##### Collected data

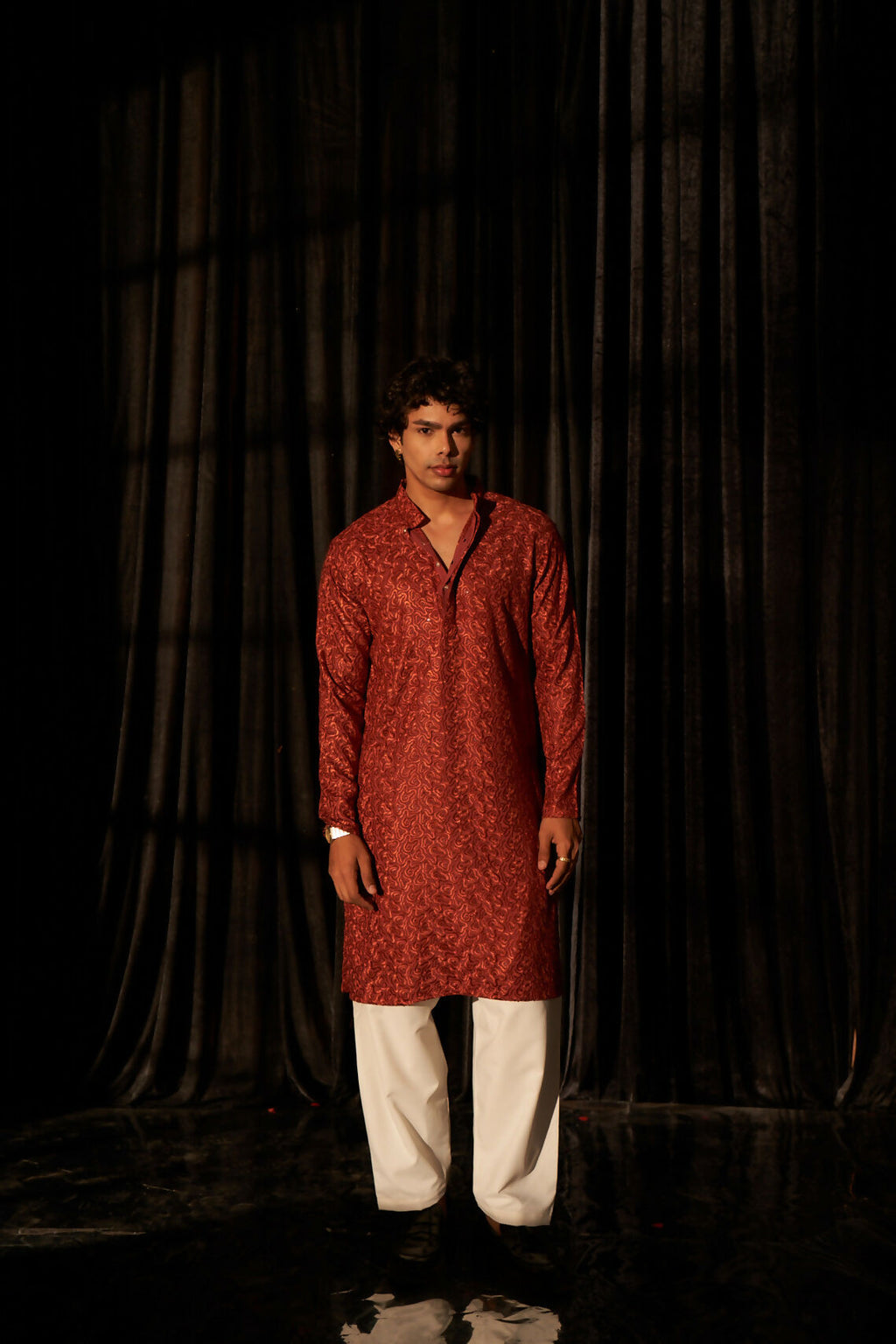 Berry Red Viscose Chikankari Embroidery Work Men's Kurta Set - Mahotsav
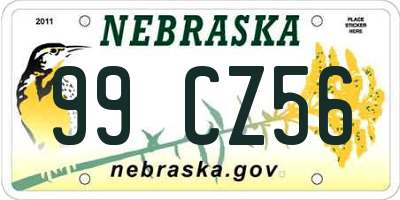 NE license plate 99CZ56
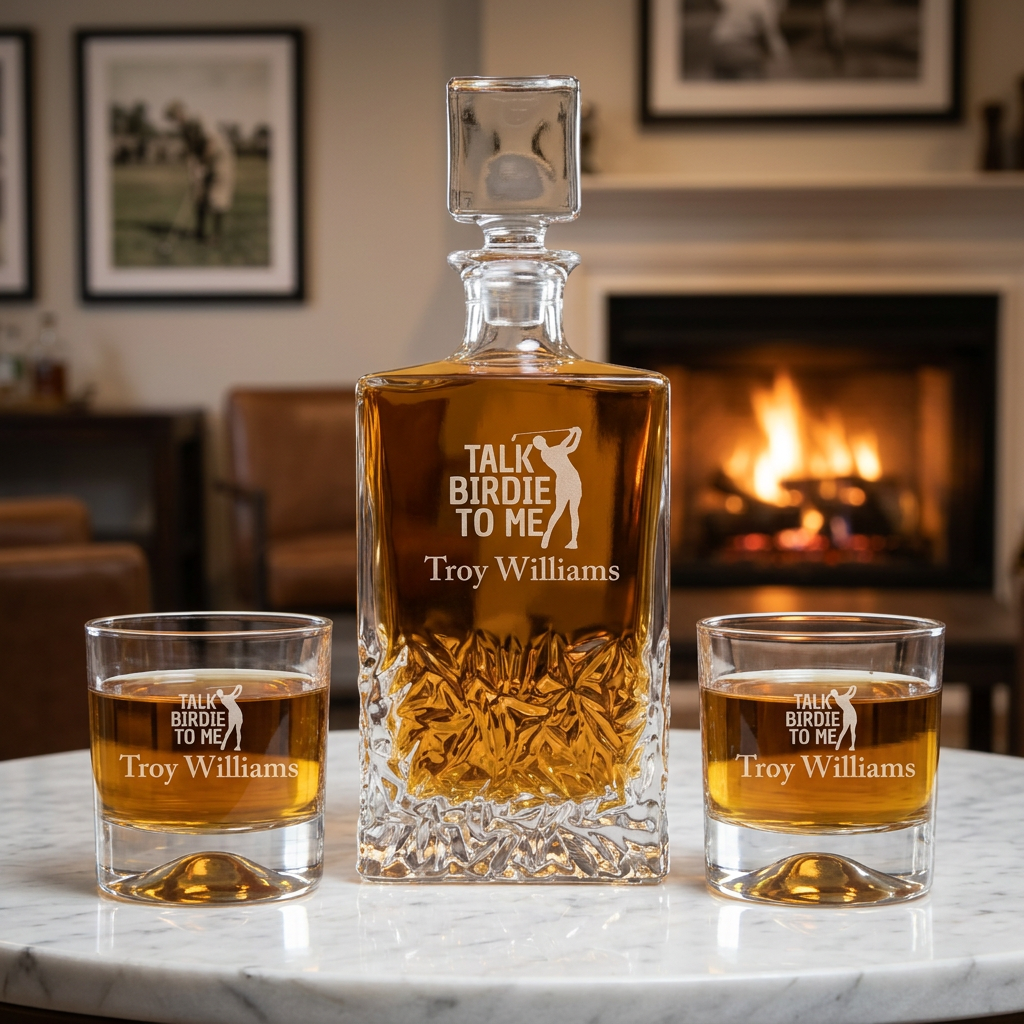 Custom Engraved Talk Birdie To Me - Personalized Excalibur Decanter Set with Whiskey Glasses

##########

(Required action):
Skip every picture and transcribe the data above exactly.

(Answer to this problem):
 Berry Red Viscose Chikankari Embroidery Work Men's Kurta Set - Mahotsav
 NE license plate 99CZ56
 Custom Engraved Talk Birdie To Me - Personalized Excalibur Decanter Set with Whiskey Glasses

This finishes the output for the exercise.